DESCRIPTION OF THE TASK: Each line below from the one containing "834 E San Angelo" through the one containing "Image du produit" should be output exactly as it stands, and no other line should appear.

PROVIDED INFORMATION:
* * *
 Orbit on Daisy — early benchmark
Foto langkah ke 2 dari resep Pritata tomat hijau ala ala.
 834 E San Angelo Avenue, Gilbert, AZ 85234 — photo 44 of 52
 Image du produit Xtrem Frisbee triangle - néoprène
* * *
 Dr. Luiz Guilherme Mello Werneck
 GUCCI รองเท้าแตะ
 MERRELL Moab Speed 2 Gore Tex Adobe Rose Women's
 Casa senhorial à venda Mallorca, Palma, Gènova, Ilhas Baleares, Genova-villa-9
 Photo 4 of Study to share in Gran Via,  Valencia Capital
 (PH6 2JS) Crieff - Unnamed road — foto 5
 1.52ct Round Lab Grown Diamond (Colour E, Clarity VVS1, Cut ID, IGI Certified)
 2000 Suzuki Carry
* * *
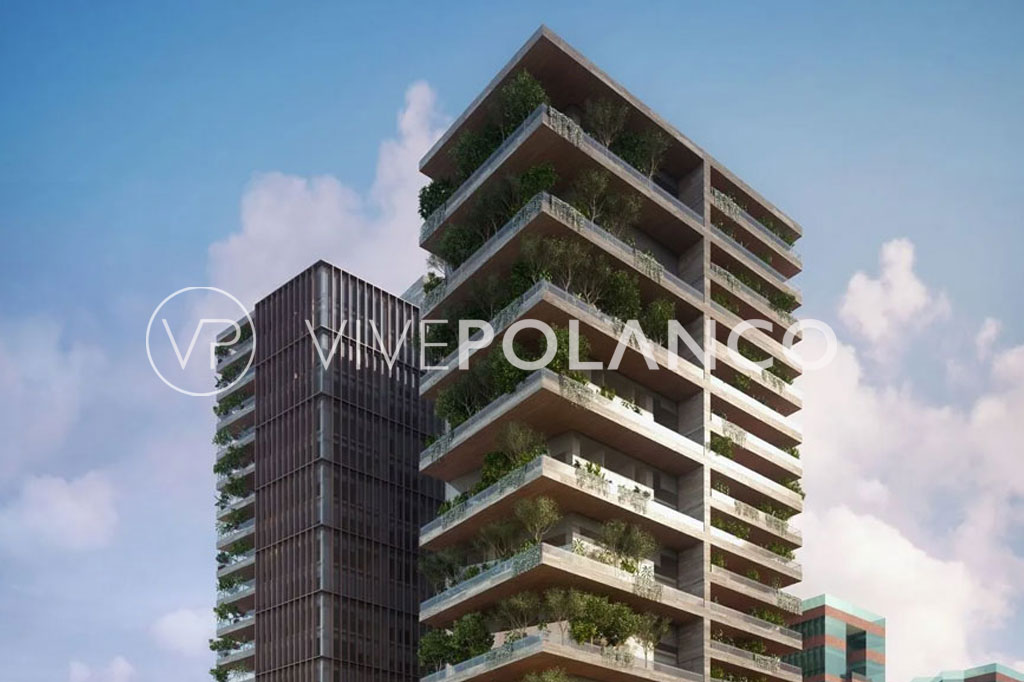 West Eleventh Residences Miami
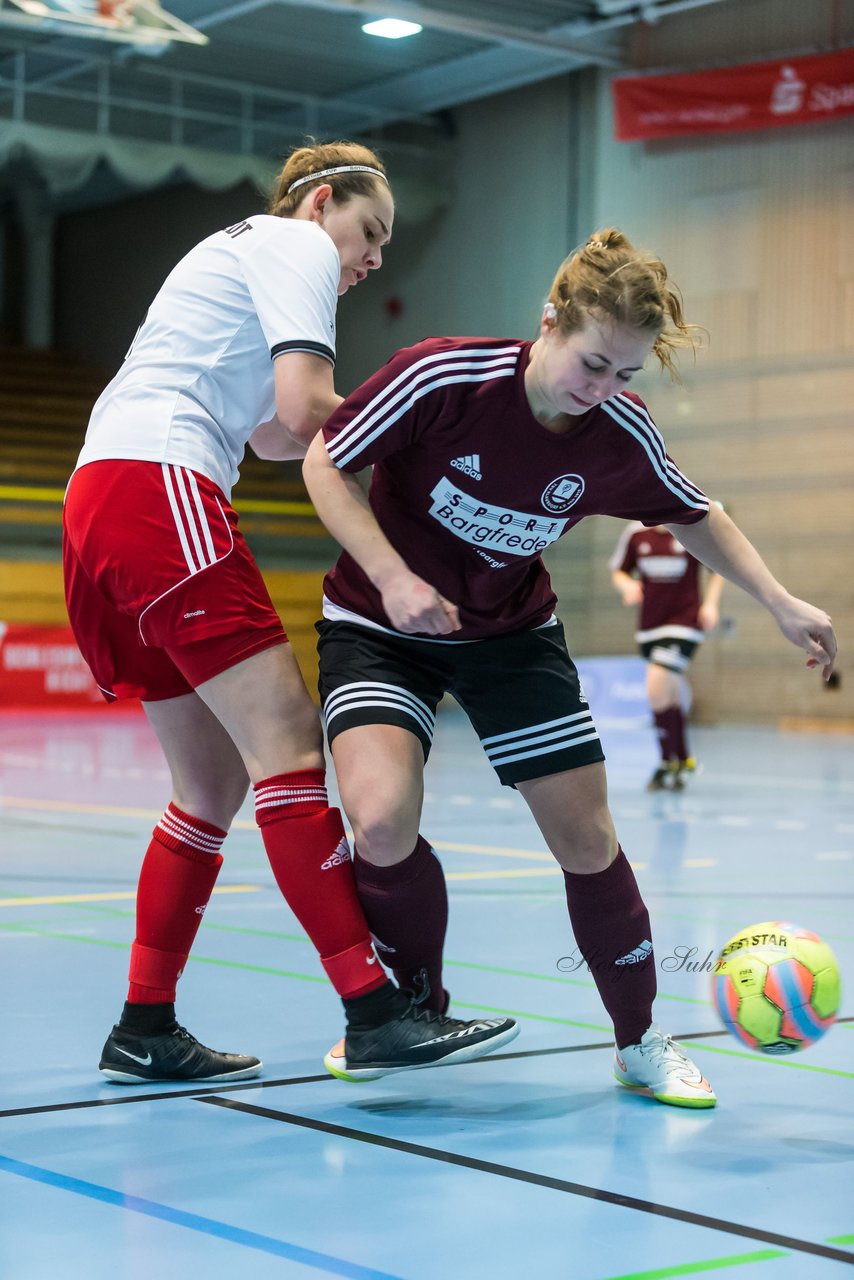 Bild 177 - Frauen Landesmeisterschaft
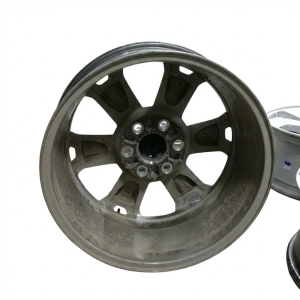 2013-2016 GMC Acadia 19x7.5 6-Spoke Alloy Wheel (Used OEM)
* * *
THE ANSWER:
 834 E San Angelo Avenue, Gilbert, AZ 85234 — photo 44 of 52
 Image du produit Xtrem Frisbee triangle - néoprène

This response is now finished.